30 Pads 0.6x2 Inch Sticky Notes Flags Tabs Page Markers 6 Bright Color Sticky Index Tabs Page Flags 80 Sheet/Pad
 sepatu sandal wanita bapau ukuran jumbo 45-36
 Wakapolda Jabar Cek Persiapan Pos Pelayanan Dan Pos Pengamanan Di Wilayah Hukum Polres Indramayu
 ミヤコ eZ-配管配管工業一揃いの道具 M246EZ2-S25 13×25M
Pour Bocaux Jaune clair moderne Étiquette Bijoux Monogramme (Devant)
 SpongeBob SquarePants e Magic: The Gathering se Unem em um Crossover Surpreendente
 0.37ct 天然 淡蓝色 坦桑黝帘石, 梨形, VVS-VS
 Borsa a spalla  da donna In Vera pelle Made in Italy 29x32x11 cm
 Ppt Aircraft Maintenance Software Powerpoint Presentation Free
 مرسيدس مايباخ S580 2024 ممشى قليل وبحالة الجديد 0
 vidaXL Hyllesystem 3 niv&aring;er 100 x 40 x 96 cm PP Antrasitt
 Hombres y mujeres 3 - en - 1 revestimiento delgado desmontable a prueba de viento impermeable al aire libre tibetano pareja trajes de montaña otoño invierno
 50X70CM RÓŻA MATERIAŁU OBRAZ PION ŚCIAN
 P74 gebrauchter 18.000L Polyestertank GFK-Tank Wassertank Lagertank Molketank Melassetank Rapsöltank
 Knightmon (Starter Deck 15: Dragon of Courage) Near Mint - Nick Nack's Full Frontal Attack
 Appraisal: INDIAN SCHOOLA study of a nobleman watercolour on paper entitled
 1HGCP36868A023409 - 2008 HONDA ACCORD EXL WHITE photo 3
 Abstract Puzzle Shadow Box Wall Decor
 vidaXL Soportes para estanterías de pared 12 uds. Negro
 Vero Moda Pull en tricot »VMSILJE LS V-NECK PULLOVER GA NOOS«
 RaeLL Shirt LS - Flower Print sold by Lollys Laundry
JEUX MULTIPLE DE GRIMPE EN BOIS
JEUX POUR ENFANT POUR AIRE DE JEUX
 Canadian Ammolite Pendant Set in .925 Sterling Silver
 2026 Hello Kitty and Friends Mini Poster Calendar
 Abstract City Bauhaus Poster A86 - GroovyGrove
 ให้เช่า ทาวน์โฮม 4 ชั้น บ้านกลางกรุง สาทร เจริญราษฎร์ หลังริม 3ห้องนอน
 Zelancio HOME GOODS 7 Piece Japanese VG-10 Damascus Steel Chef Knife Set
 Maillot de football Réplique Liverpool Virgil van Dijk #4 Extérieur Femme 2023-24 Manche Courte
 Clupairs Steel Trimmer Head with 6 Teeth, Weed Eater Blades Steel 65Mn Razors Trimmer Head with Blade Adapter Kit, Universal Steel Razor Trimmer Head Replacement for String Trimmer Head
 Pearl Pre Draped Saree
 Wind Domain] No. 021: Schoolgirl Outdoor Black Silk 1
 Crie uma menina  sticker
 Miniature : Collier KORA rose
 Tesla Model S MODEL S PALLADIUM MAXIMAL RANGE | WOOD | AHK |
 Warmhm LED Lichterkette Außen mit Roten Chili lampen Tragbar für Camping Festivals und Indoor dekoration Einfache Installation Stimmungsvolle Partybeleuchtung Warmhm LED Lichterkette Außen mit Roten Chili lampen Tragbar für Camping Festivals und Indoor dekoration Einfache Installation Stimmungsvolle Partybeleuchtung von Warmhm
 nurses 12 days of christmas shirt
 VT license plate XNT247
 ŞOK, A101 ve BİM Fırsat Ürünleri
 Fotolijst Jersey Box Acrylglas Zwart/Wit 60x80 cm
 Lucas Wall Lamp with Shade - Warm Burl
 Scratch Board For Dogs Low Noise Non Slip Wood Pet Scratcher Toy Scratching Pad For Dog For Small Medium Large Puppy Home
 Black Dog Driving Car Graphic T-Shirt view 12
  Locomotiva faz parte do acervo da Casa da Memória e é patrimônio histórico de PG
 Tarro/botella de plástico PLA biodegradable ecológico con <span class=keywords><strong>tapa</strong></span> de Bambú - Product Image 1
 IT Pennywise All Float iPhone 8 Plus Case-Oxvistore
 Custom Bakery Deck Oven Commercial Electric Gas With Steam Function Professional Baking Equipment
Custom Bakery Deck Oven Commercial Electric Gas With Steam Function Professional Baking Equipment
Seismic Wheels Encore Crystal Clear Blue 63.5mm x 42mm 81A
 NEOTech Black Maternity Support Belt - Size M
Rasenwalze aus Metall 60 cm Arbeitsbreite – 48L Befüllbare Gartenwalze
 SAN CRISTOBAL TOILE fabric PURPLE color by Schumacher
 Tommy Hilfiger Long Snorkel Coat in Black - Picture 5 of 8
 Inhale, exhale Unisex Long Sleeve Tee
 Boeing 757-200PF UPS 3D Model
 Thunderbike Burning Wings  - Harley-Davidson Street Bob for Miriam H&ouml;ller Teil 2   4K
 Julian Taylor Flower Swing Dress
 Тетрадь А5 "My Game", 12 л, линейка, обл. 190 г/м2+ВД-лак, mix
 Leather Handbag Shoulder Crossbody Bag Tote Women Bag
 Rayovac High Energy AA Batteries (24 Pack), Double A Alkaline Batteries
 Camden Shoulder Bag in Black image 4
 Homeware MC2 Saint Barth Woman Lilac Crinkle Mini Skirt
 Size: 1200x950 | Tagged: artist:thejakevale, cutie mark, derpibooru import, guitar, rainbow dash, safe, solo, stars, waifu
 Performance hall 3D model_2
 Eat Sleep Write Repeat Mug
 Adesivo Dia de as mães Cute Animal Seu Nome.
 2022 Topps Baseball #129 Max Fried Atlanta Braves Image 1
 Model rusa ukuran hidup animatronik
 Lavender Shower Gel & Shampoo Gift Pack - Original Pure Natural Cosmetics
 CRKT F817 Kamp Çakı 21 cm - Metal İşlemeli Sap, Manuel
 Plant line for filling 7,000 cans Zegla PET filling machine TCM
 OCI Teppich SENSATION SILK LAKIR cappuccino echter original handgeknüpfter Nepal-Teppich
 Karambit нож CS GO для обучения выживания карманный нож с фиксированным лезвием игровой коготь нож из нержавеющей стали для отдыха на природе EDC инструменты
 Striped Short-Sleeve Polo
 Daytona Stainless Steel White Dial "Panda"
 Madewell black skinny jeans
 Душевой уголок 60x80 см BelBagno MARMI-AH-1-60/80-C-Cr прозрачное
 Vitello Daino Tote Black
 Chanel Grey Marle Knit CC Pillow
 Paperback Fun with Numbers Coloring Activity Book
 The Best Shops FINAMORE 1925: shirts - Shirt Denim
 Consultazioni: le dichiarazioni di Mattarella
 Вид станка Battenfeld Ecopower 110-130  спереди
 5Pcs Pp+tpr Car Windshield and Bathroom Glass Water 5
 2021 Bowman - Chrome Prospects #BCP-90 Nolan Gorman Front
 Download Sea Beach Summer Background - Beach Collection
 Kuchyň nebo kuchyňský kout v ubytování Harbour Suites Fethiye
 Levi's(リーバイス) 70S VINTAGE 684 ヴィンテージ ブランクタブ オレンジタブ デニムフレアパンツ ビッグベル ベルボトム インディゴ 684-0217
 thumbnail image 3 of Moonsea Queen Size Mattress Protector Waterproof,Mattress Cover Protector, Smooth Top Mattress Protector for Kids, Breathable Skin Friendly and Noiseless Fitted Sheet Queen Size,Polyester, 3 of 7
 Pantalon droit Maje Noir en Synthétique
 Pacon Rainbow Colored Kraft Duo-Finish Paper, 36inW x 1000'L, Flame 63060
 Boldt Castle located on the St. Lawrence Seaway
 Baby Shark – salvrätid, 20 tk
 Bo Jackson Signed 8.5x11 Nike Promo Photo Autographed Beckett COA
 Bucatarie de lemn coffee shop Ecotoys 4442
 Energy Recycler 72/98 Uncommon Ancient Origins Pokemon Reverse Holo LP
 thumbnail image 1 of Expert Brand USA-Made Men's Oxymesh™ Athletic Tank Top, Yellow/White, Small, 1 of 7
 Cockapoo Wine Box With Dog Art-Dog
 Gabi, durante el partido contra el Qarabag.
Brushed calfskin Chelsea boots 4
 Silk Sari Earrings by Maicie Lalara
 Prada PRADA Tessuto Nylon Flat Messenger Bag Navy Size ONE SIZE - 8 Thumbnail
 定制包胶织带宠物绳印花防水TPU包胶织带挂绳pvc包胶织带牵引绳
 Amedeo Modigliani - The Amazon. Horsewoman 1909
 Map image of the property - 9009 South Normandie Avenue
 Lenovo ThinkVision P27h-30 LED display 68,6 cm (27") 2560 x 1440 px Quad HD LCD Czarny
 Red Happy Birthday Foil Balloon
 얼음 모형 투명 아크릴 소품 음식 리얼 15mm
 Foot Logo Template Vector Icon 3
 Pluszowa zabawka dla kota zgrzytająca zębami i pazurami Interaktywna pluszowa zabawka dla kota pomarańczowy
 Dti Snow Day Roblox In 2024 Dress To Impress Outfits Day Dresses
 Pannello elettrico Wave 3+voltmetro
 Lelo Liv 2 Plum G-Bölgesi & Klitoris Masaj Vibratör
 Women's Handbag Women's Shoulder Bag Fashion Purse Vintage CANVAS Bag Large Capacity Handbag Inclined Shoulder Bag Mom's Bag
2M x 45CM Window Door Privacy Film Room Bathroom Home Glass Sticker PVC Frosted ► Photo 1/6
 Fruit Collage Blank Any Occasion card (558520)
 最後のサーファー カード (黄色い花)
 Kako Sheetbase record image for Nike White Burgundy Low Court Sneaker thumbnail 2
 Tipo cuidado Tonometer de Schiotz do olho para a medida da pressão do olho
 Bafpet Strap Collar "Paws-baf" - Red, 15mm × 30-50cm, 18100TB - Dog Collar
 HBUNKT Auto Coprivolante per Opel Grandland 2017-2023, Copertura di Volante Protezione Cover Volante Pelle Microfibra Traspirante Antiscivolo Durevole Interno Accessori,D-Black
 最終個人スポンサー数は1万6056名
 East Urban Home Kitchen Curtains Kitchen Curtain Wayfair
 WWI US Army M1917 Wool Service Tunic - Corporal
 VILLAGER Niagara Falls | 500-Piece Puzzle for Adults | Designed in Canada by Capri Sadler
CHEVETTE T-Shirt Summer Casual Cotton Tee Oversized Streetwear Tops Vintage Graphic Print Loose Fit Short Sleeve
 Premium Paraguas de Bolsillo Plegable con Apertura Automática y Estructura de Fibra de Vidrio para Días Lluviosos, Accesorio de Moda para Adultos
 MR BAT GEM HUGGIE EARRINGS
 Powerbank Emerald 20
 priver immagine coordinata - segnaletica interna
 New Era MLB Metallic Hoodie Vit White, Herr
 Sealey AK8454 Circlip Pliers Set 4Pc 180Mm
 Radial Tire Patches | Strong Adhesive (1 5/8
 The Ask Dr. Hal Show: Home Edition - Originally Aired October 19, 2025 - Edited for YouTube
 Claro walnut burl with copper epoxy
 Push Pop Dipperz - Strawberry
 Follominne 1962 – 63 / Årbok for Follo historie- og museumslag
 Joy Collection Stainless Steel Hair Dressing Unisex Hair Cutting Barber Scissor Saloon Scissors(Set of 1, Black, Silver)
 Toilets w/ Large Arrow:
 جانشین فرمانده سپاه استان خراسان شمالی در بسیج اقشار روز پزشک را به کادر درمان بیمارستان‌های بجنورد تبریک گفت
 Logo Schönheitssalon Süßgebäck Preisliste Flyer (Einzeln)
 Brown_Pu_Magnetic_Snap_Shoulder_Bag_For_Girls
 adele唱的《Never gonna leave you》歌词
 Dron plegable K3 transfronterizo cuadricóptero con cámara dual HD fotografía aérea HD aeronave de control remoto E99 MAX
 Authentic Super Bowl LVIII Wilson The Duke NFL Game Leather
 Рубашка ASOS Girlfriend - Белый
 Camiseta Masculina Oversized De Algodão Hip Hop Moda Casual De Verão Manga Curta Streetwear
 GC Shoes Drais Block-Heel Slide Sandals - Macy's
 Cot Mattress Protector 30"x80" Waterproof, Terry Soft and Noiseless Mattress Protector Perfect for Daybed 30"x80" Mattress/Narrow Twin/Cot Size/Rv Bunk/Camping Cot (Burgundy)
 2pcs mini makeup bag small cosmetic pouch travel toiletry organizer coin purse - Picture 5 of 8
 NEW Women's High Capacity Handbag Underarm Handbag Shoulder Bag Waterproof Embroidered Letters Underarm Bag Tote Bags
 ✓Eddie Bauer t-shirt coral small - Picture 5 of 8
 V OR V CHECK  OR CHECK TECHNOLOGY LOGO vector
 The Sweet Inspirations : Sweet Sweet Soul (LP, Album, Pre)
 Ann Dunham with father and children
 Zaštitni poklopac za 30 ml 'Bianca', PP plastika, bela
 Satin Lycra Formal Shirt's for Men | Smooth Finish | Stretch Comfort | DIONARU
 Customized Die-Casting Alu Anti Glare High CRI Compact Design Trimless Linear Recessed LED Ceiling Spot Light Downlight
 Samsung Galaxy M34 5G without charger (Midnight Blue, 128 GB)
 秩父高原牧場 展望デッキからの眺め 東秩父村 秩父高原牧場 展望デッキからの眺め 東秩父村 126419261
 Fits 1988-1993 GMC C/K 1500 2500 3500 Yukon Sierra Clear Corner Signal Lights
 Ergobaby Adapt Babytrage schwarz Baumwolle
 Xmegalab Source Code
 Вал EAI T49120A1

++++++++++

• [Exercise objective]: Lines in the data that include the word "Women" should all be copied.

• [Solution to this task]:
 Leather Handbag Shoulder Crossbody Bag Tote Women Bag
 Women's Handbag Women's Shoulder Bag Fashion Purse Vintage CANVAS Bag Large Capacity Handbag Inclined Shoulder Bag Mom's Bag
 NEW Women's High Capacity Handbag Underarm Handbag Shoulder Bag Waterproof Embroidered Letters Underarm Bag Tote Bags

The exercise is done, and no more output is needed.